(Short descriptive text snippets)
========

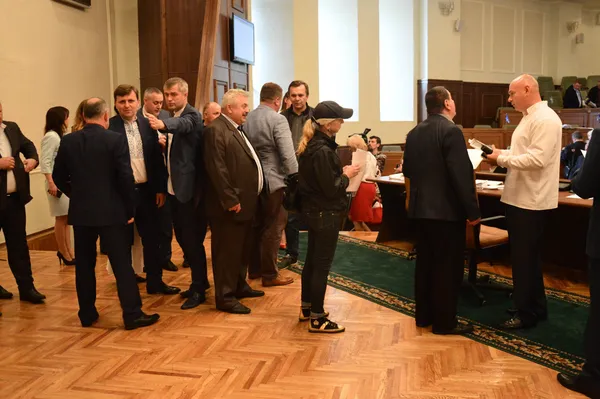 Як депутати Волиньради в «добру путь» Савченка проводжали (репортаж)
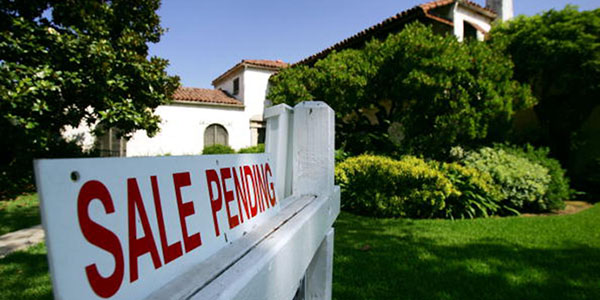 "Sale Pending" on Pasadena home (Getty Images)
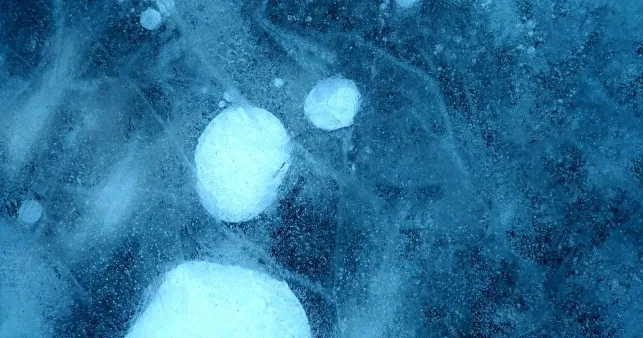 Frozen water ice texture illustrating a temperature in Fahrenheit quiz question.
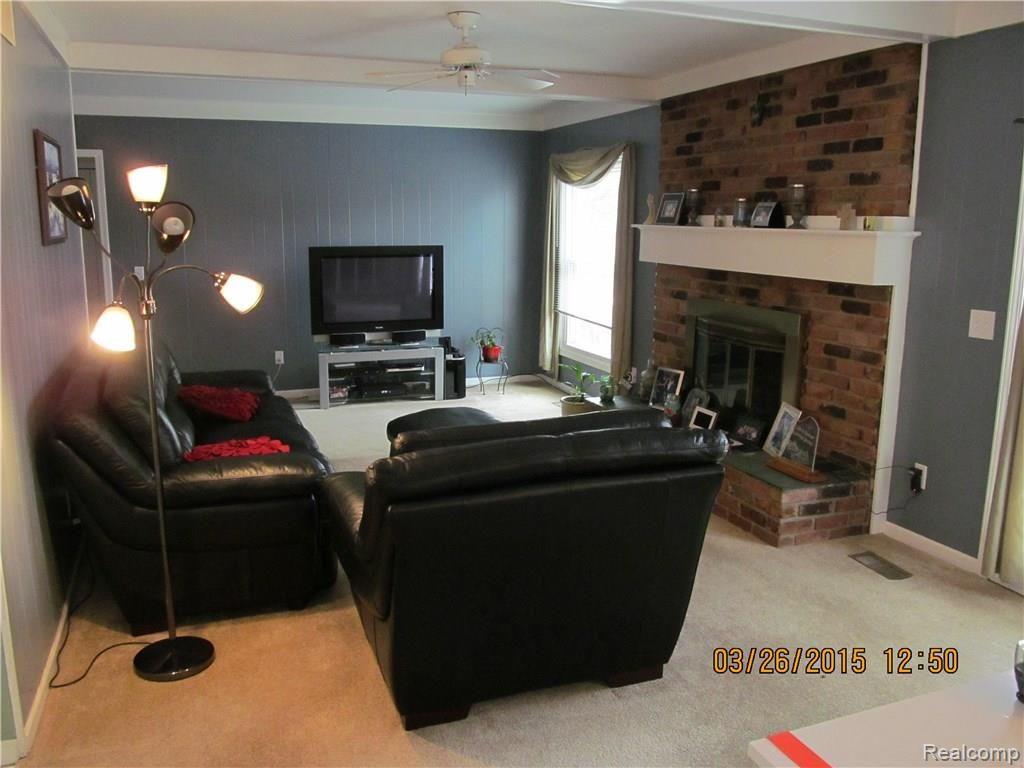 25601 Branchaster Road Farmington Hills, MI 48336 - Photo 10 of 23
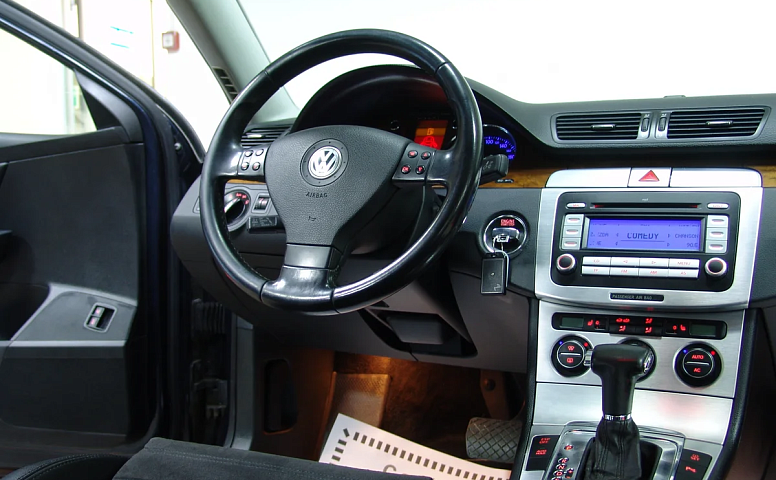 Volkswagen Passat B6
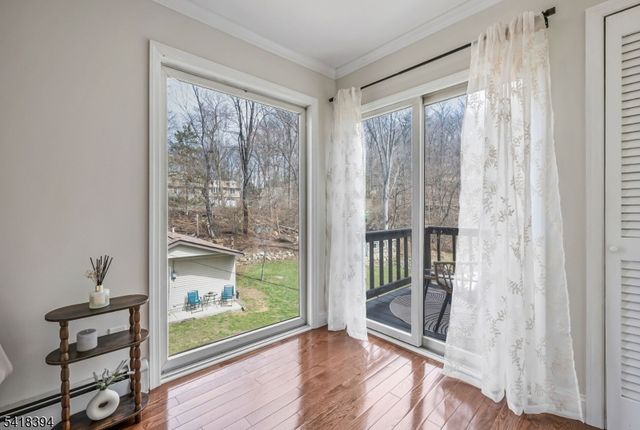 27 Mountain Ave, Wanaque Boro, NJ 07465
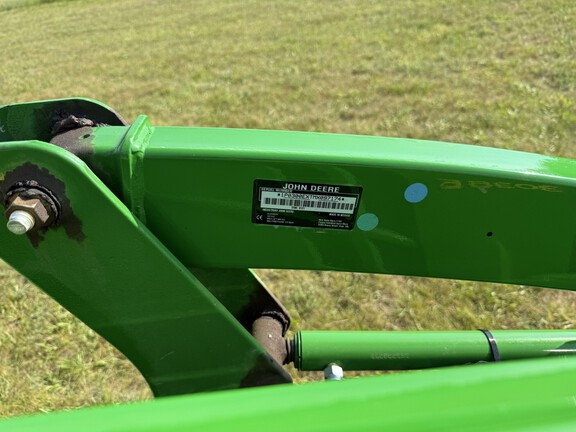 Photo of 2021 John Deere 3038E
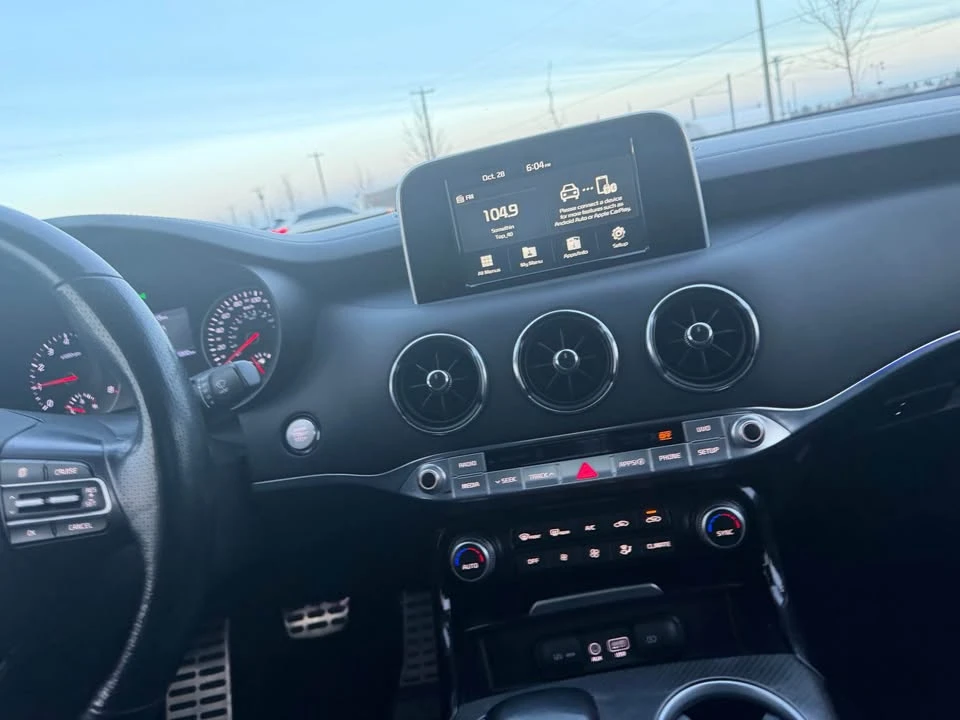 2018 Kia Stinger GT - Image 18 of 19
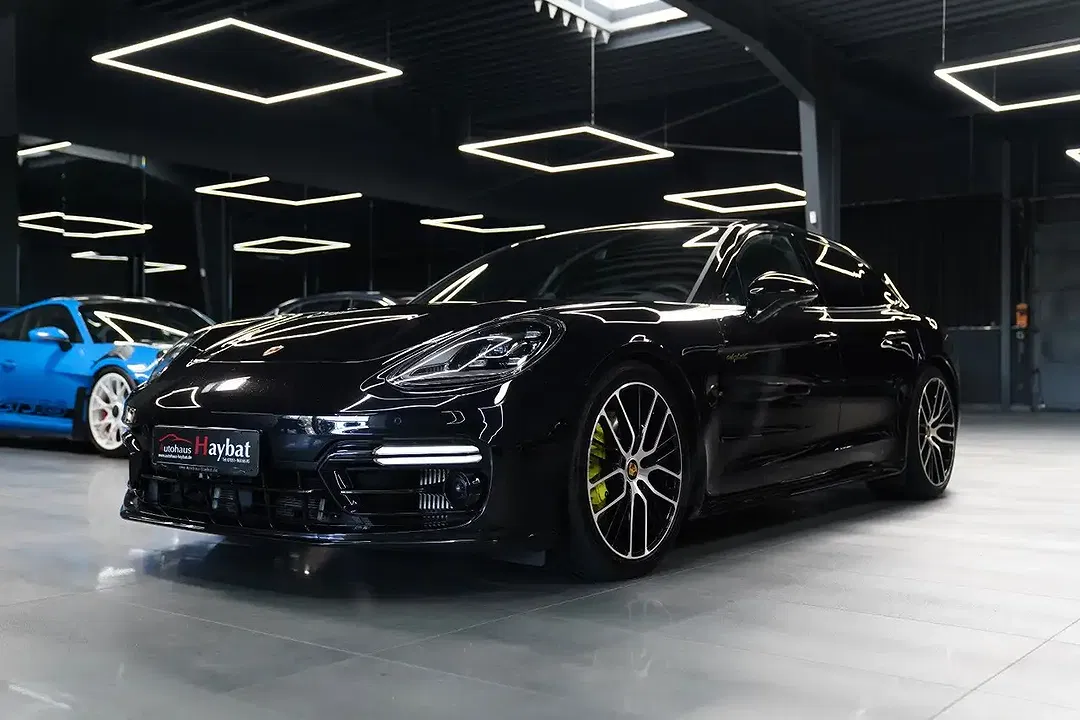 Porsche Panamera - Thumbnail 3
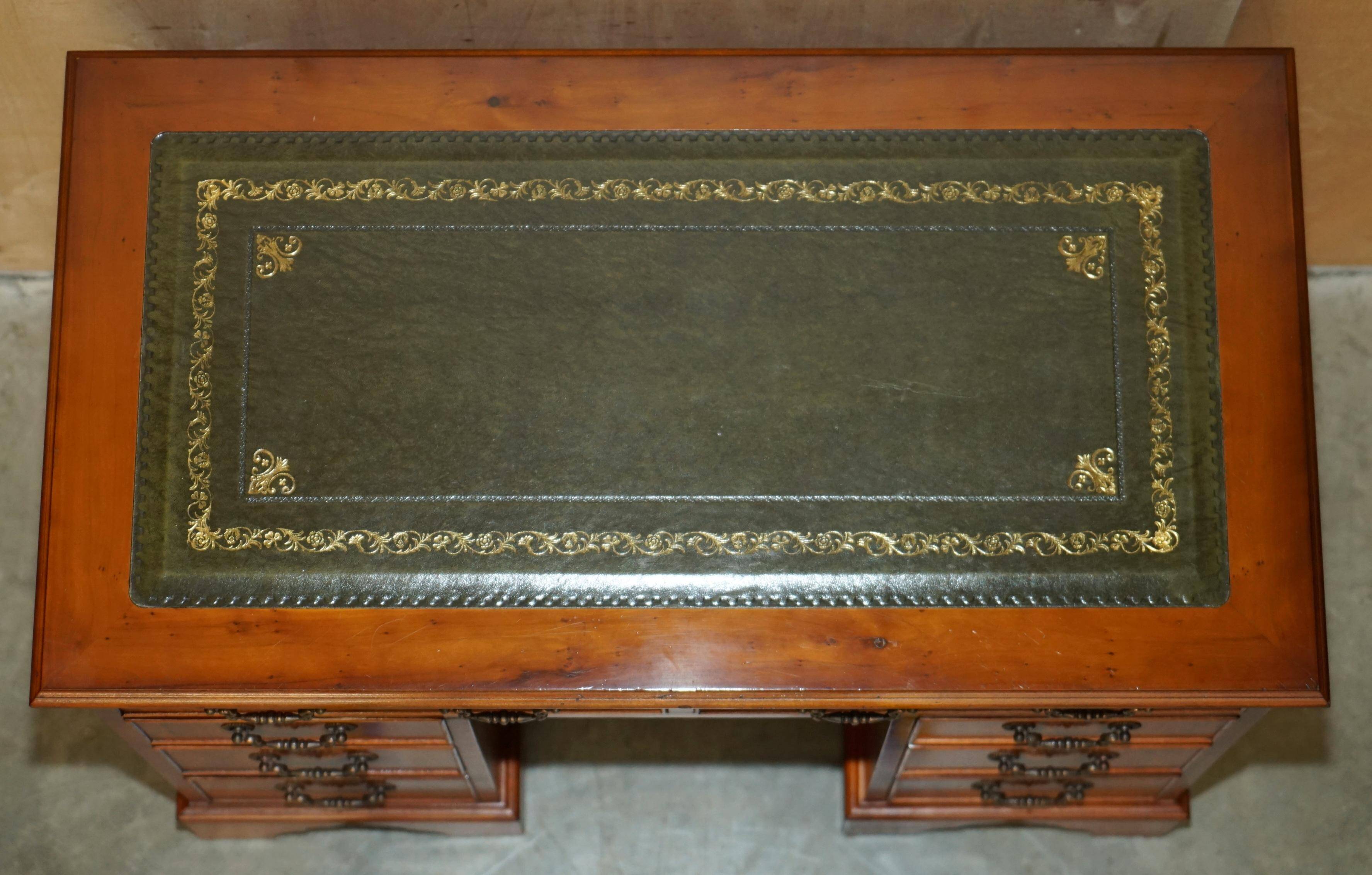 Bureau à deux caissons en bois de if frisé et cuir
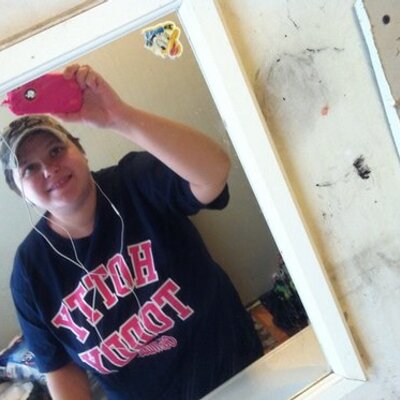 Profile Picture of Amber Shaffer (@ambiee0087) on Twitter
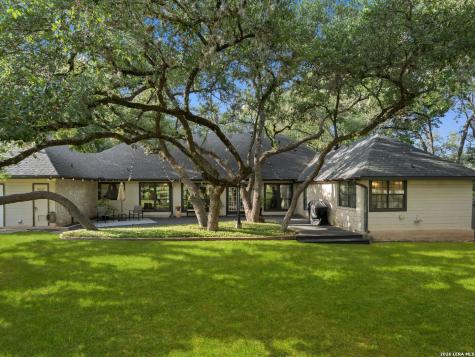 8638 Classic Oaks Lane San Antonio TX 78255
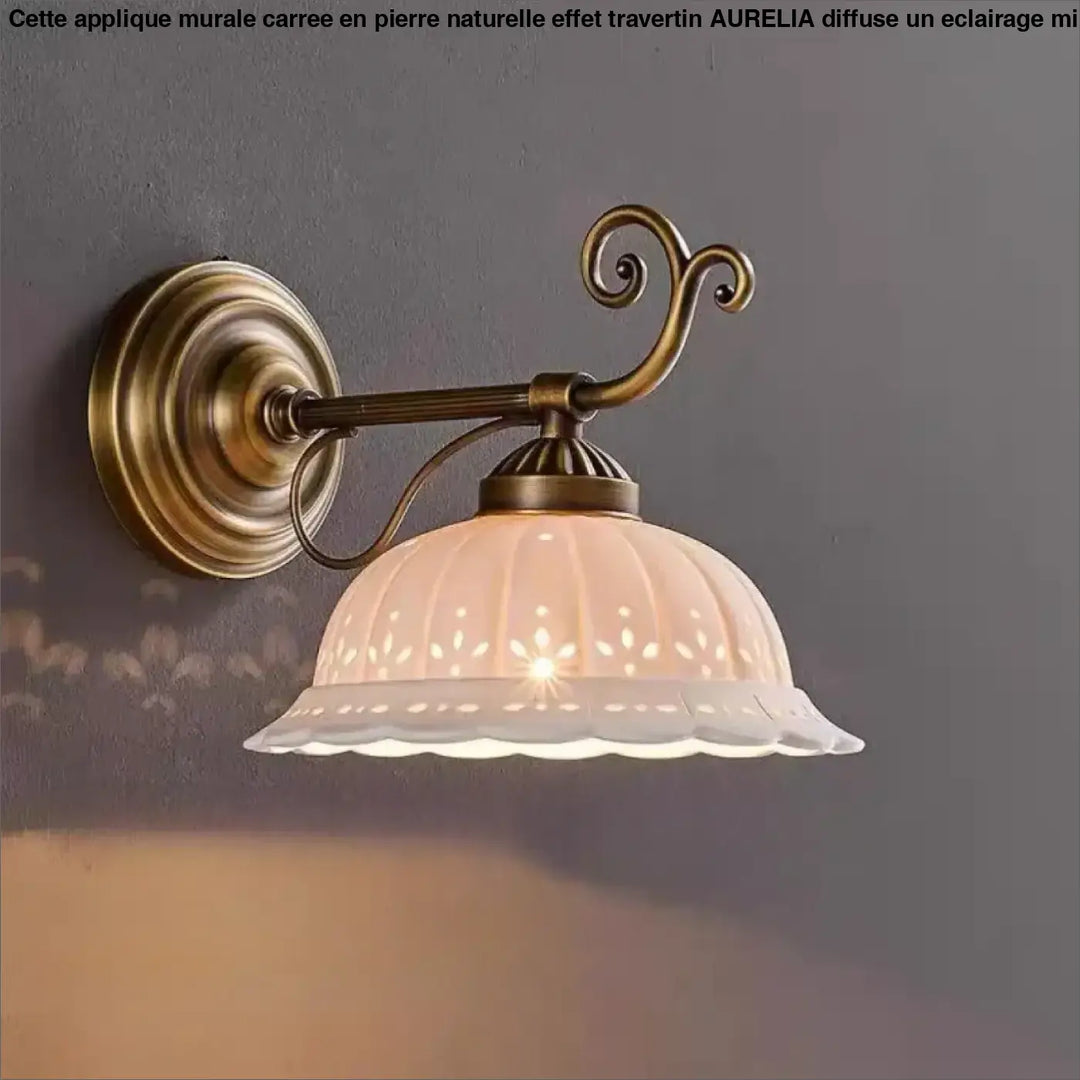 Applique murale vintage en verre crème et métal bronze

========

» PROBLEM TO SOLVE
Drop the images; copy every entry above exactly.

» EXERCISE OUTPUT
 Як депутати Волиньради в «добру путь» Савченка проводжали (репортаж)
 "Sale Pending" on Pasadena home (Getty Images)
 Frozen water ice texture illustrating a temperature in Fahrenheit quiz question.
 25601 Branchaster Road Farmington Hills, MI 48336 - Photo 10 of 23
 Volkswagen Passat B6
 27 Mountain Ave, Wanaque Boro, NJ 07465
 Photo of 2021 John Deere 3038E
 2018 Kia Stinger GT - Image 18 of 19
 Porsche Panamera - Thumbnail 3
 Bureau à deux caissons en bois de if frisé et cuir
 Profile Picture of Amber Shaffer (@ambiee0087) on Twitter
 8638 Classic Oaks Lane San Antonio TX 78255
 Applique murale vintage en verre crème et métal bronze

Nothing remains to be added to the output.